Artist

Christopher Monks

Genre: Classical ,Choral ,Opera ,Vocal Music ,Orchestral
Origin: U.S.A
Active: 1995 - Present
Listen on Coda
Born in 1974, Christopher Monks grew up in Solihull, England, where an early affinity for music prompted him to enter the local church choir as a chorister at age eight. A scholarship to Solihull School followed, allowing him to pursue organ studies while simultaneously taking up conducting. He later attended Cambridge University as organ scholar at Gonville and Caius College before securing the post of assistant organist at Winchester Cathedral under David Hill. The two-year tenure there, shaped by Hill’s guidance, crystallized Monks’s vocation for choral direction.

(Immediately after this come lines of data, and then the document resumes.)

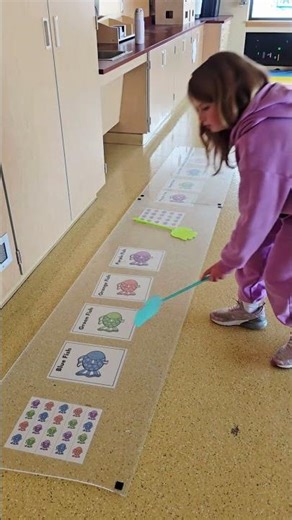 Rainbow Fish Visual Motor and Gross Motor Activity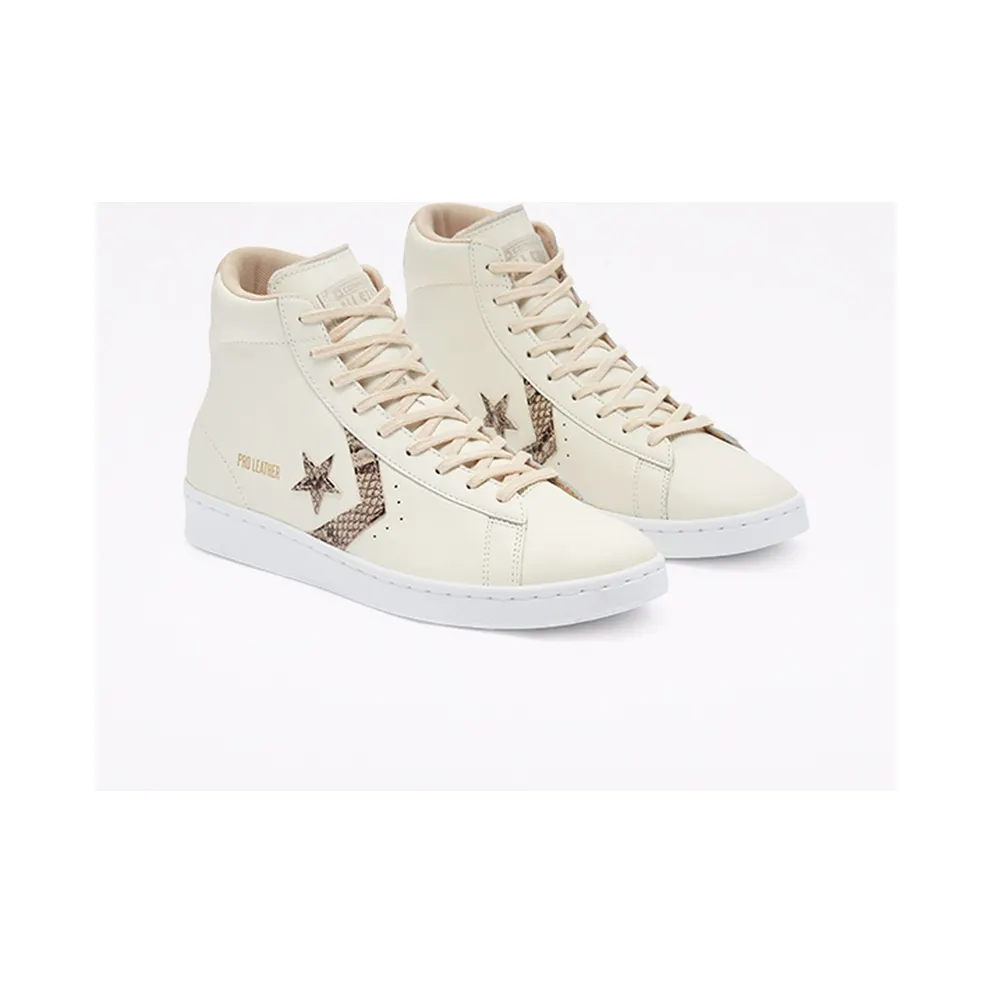 Converse Snake Print Pro Leather High Top Egret/nomad/egret (170497C)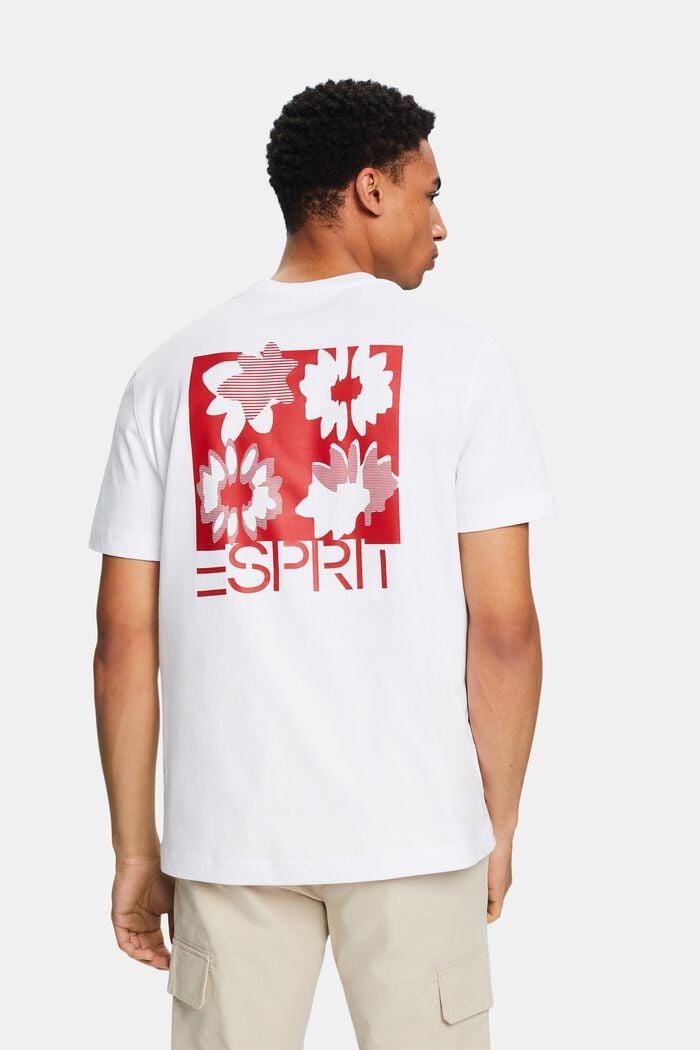 Camiseta de algodón con logotipo, WHITE, detail image number 2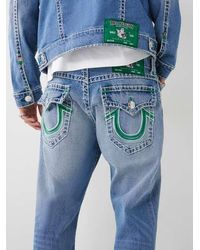True Religion - Ricky Double Raised Hs Super T Straight Jean - Lyst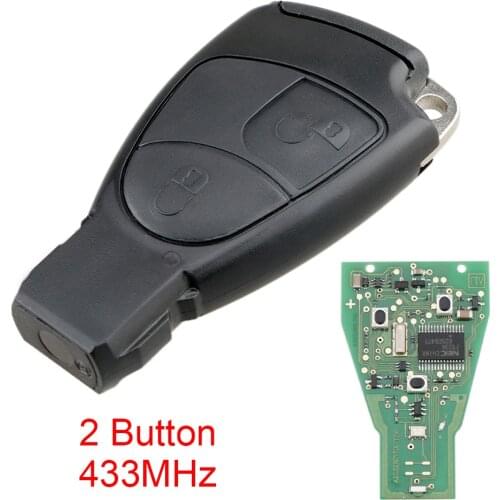 433Mhz 2 Buttons Smart Remote Car key Fob Auto Car Key Replacement Fit for B C E ML S CLK CL Germany Cars Vehicle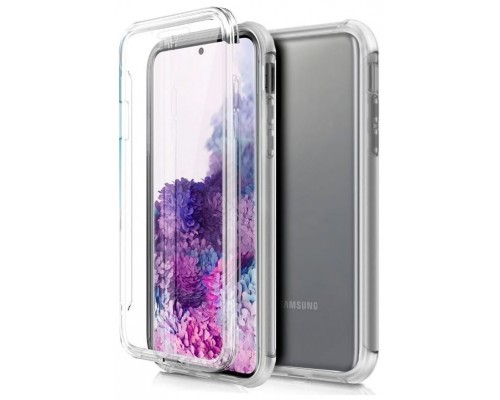Funda COOL Silicona 3D para Samsung G980 Galaxy S20 (Transparente Frontal + Trasera)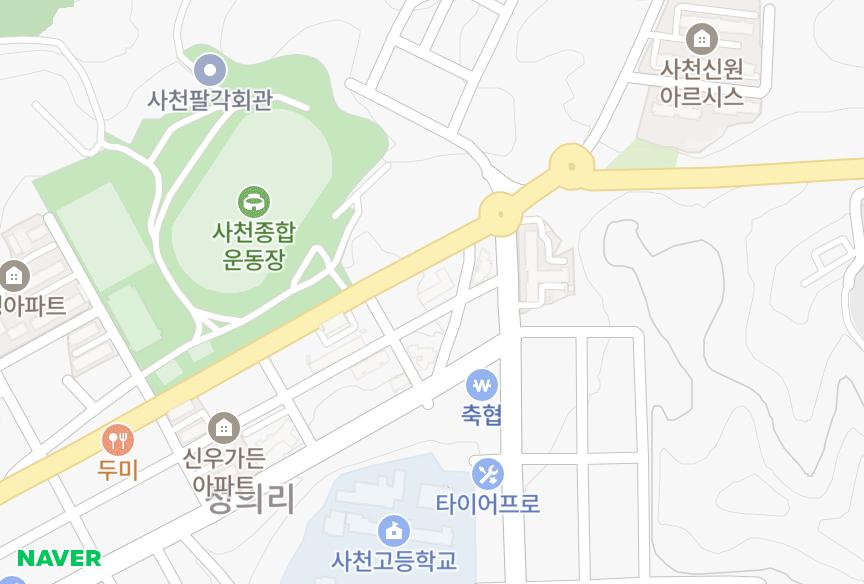 경상남도 사천시 사천읍 정의리 하이파크 위치·실거래 시세 지도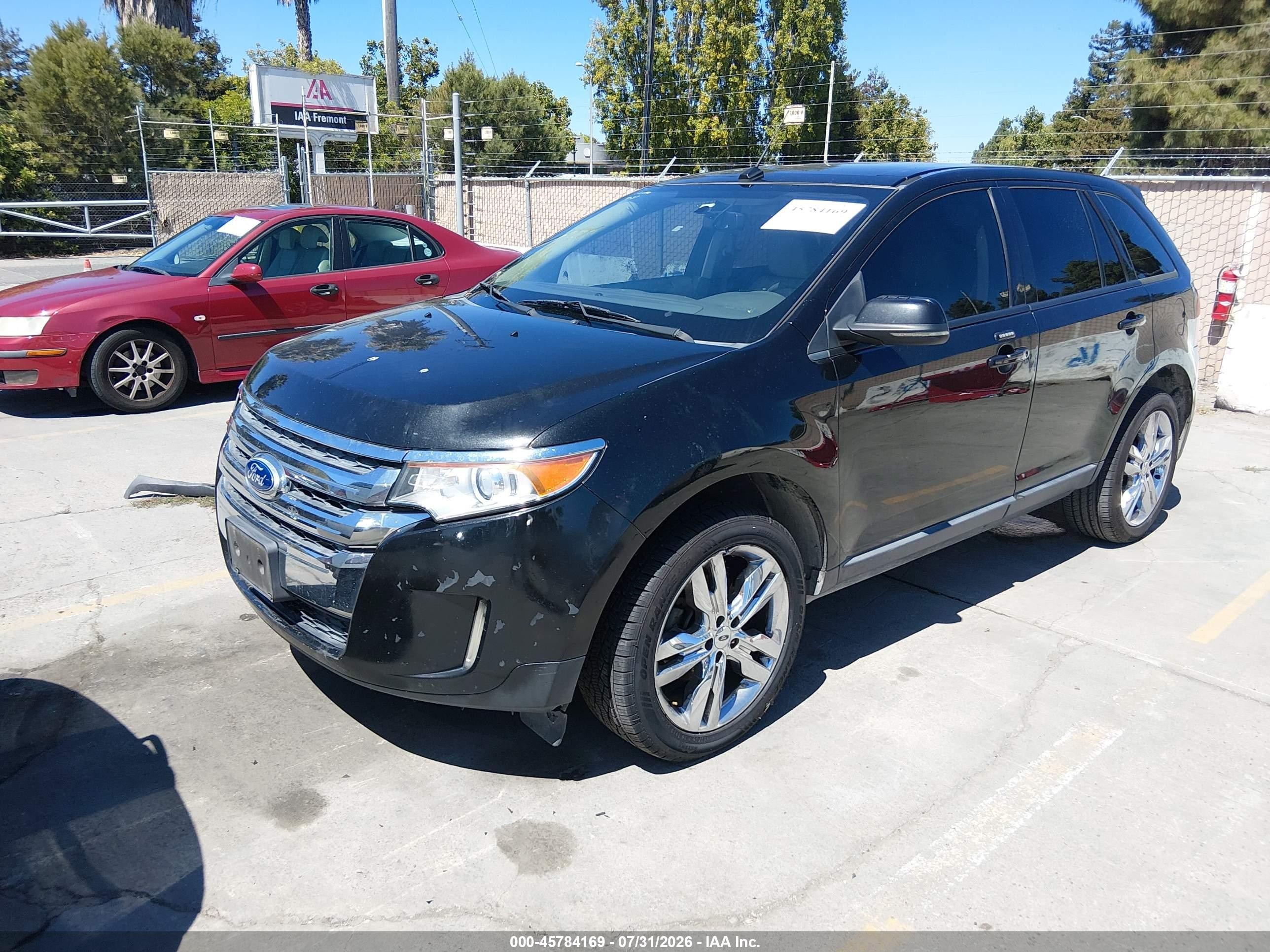 2013 Ford Edge Sel Black vin: 2FMDK3JC0DBA52296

In 2001 he founded the Armonico Consort, a sixteen-voice ensemble devoted to Renaissance and Baroque repertoire. Recognizing the scarcity of substantive music education in state schools, Monks embedded outreach initiatives within the group’s mission; during its second season these efforts coalesced into the Armonico Consort Academy, which now delivers annual choral instruction to roughly fifteen thousand children across Britain’s most disadvantaged areas. Monks himself continues to lead large-scale Academy concerts frequently uniting more than twelve hundred young singers.

Early recordings document the ensemble’s trajectory: Francesco Scarlatti’s Dixit Dominus appeared in 2004 alongside a series of concerts featuring percussionist Evelyn Glennie, followed by Tomás Luis de Victoria’s Requiem in 2005 and Henry Purcell’s The Fairy Queen in 2006. The subsequent release of Mozart’s The Magic Flute in 2007 presented a contemporary reinterpretation that drew critical praise. Throughout the 2010s Monks maintained a schedule of approximately forty performances per year while issuing further acclaimed albums, and he has also directed the Royal Philharmonic Orchestra, the Philharmonia Orchestra, and the European Union Chamber Orchestra.

Handelian Pyrotechnics, issued in 2021, paired the Consort with countertenor William Towers, and in 2023 Monks conducted the Consort in Francesco Scarlatti’s Dixit Dominus; Mass, a reading reviewers characterized as vigorous, fresh, and inventive.